Mais ce tableau d’enfance ne ressemble plus à la réalité du plus grand nombre. Aujourd’hui, les balles ont remplacé les cloches. Et les couloirs de certaines écoles sont devenus des routes de fuite. Des familles entières quittent leur quartier, des enfants dorment loin de leurs cahiers, sans certitude de retrouver un banc. On les appelle déplacés. Mais ce ne sont que des enfants qu’on prive du simple droit d’apprendre. Et face à cela, que disent les politiques ? Quelle stratégie pour une rentrée vraiment nationale, où chaque enfant, riche ou pauvre, aurait la même chance d’apprendre un poème comme Une mauvaise plume ou Prière d’un petit enfant nègre ?

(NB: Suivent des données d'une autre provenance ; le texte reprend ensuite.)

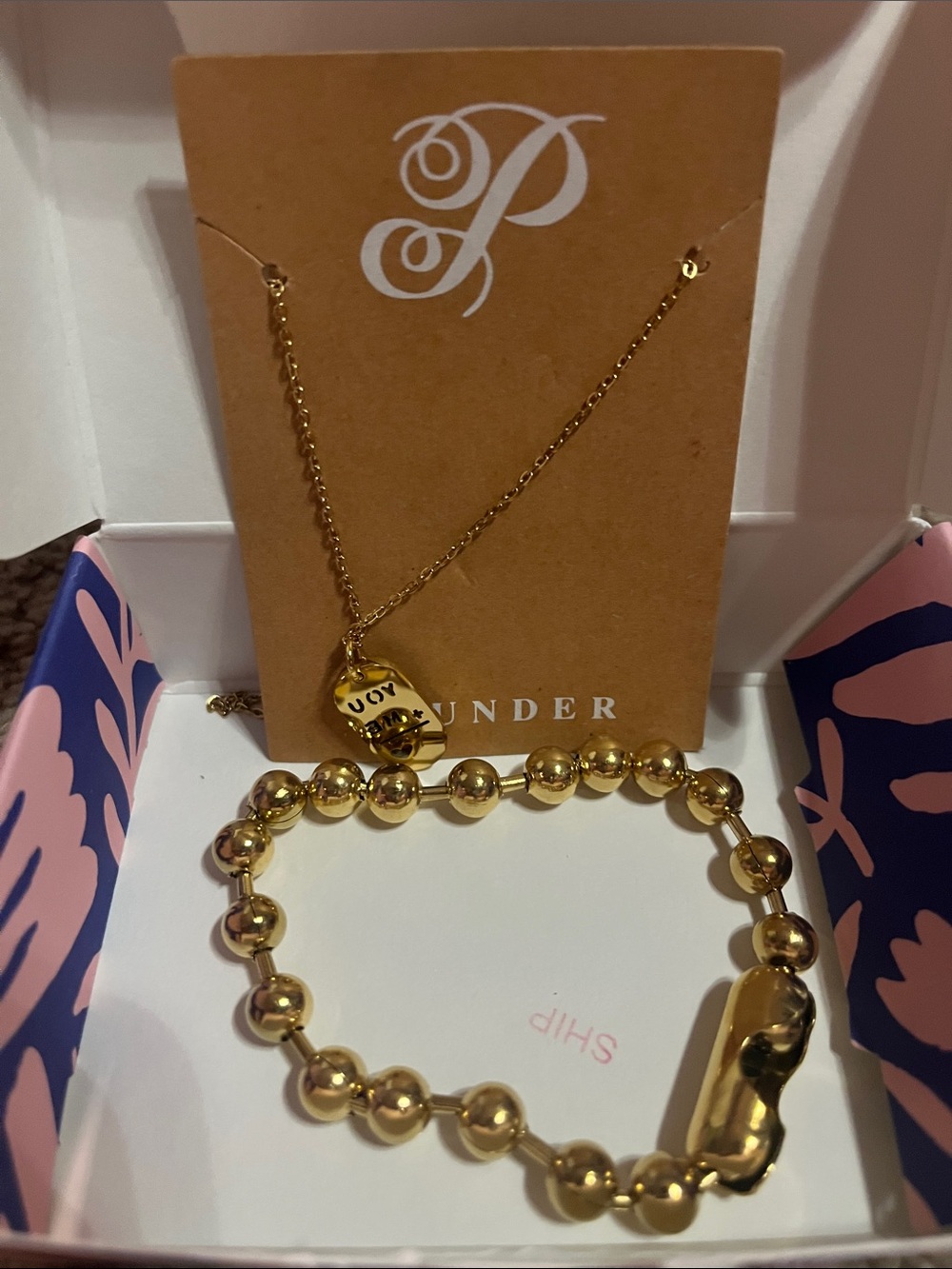 Plunder Gold-Tone necklace that says you and me and a Beaded Bracelet with Charm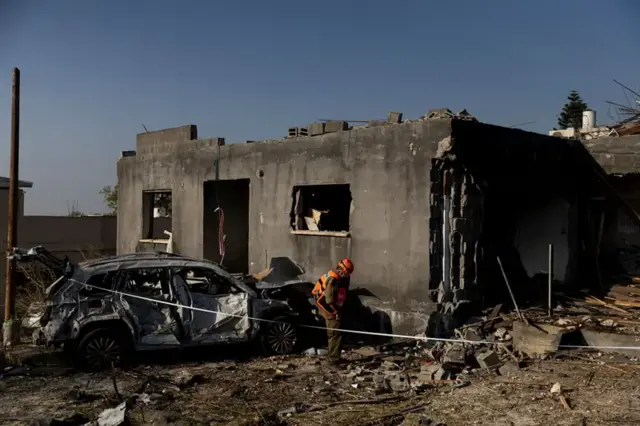 Umwe mu bakozi b'ubutabazi bariko baragenzura inzu yasambuwe mu gisagara ca Zarzir hafi y'igisagara ca Nazareti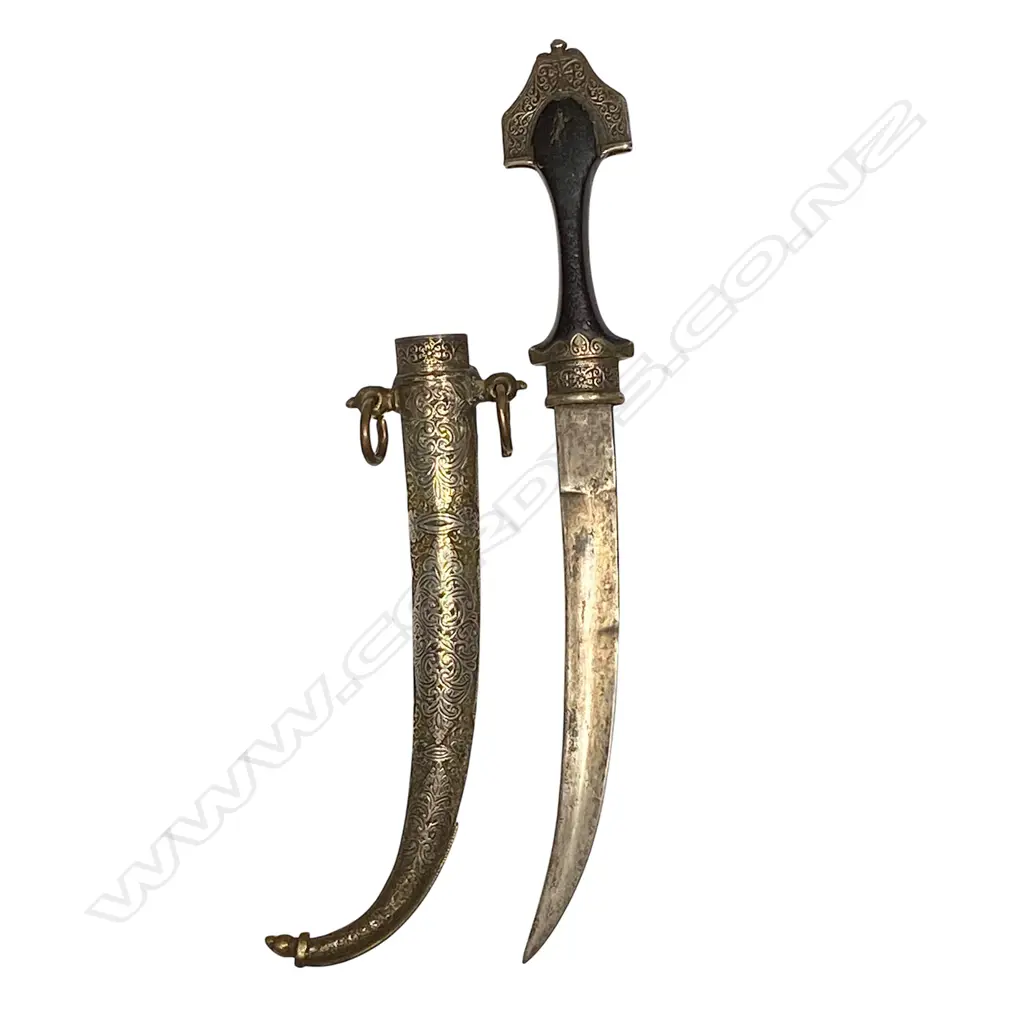 A Middle Eastern dagger - silvered brass heavily embossed scabbard, aged wooden handle and curved double edge blade. L.410mm. Image 1++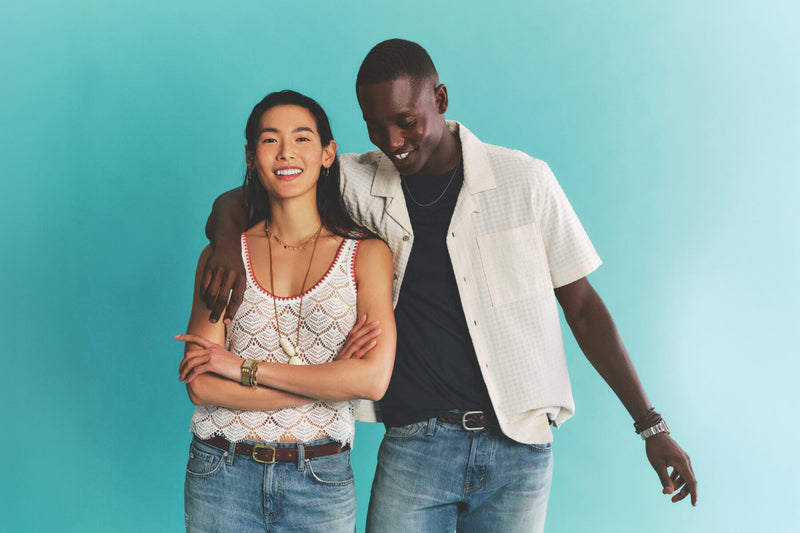 A man and a woman standing in casual summer attire from the Summer '26 Collection.
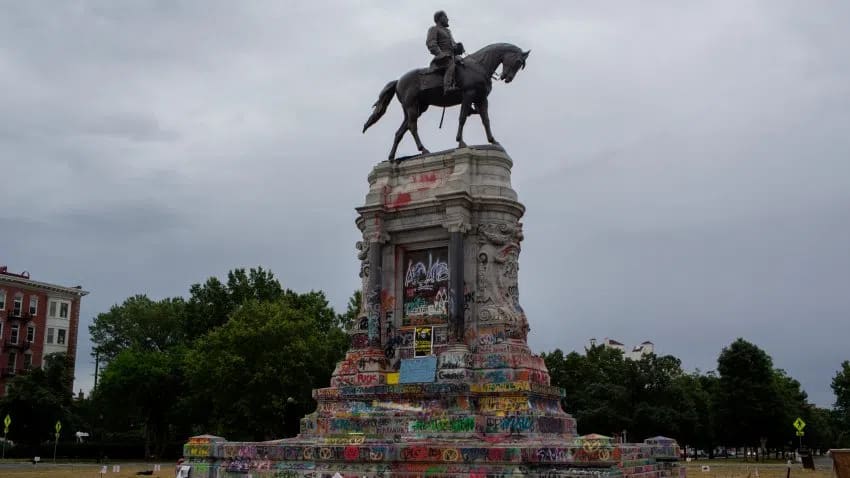 The graffiti-covered statue of Confederate General Robert E. Lee catches the early morning light on June 15, 2020 at Monument Avenue in Richmond, Virginia. An equestrian bronze statue of Confederate General Robert E. Lee sits atop a massive, ornate stone pedestal covered entirely in colorful graffiti, tags, and protest art, captured under an overcast, cloudy gray sky. The monument dominates the center of the frame, surrounded by green trees in the background and a brick building visible on the far left.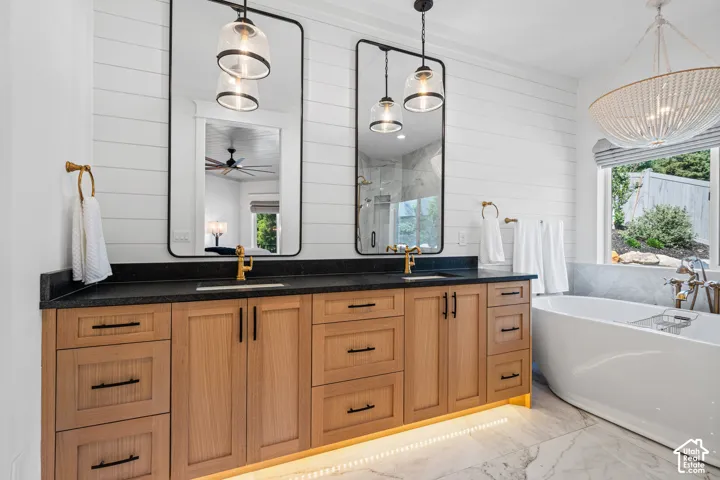 Bathroom featuring a dual vanity with wood-finish cabinetry, black countertops, and gold-tone fixtures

À Jacmel, le pire semble plus calme. Mais il rôde toujours. Les parents se plaignent, la vie chère s’entête, les frais scolaires grimpent sans remords. Les écoles privées deviennent des forteresses pour privilégiés. Pendant que les écoles publiques survivent d’arrêtés ministériels qu’on n’applique jamais vraiment. L’idée de fixer un prix pour les écoles publiques mérite d’être saluée. Mais qui contrôle son respect dans les coins reculés, dans ces écoles qu’on appelle avec ironie des écoles « borlette » ?
Chaque année, la grande machine du système redémarre avec ses contradictions : enseignants épuisés, directeurs résignés, inspecteurs pressés, parents découragés. Les taxis sont pleins. Les abonnements mensuels impossibles à payer. Et les enfants des écoles congréganistes apprennent très tôt que consommer, c’est maintenir le statu quo. Pendant ce temps, ceux des écoles communautaires arrivent en retard parce qu’ils devaient d’abord attacher les cabris de leur mère avant de courir vers le savoir.
Deux mondes cohabitent dans un même pays : celui du luxe de l’avenir et celui de la survie du présent. Deux rentrées parallèles qui ne se croiseront jamais. Sinon dans les discours des ministres ou les statistiques d’un rapport oublié. De Port-au-Prince à Jacmel, de Jacmel à Thiotte, chaque année recommence la même scène. Avec les mêmes disparités scolaires. La rentrée du riche et celle du pauvre, deux chemins d’école. Deux enfances. Deux pays dans une même cour de récré.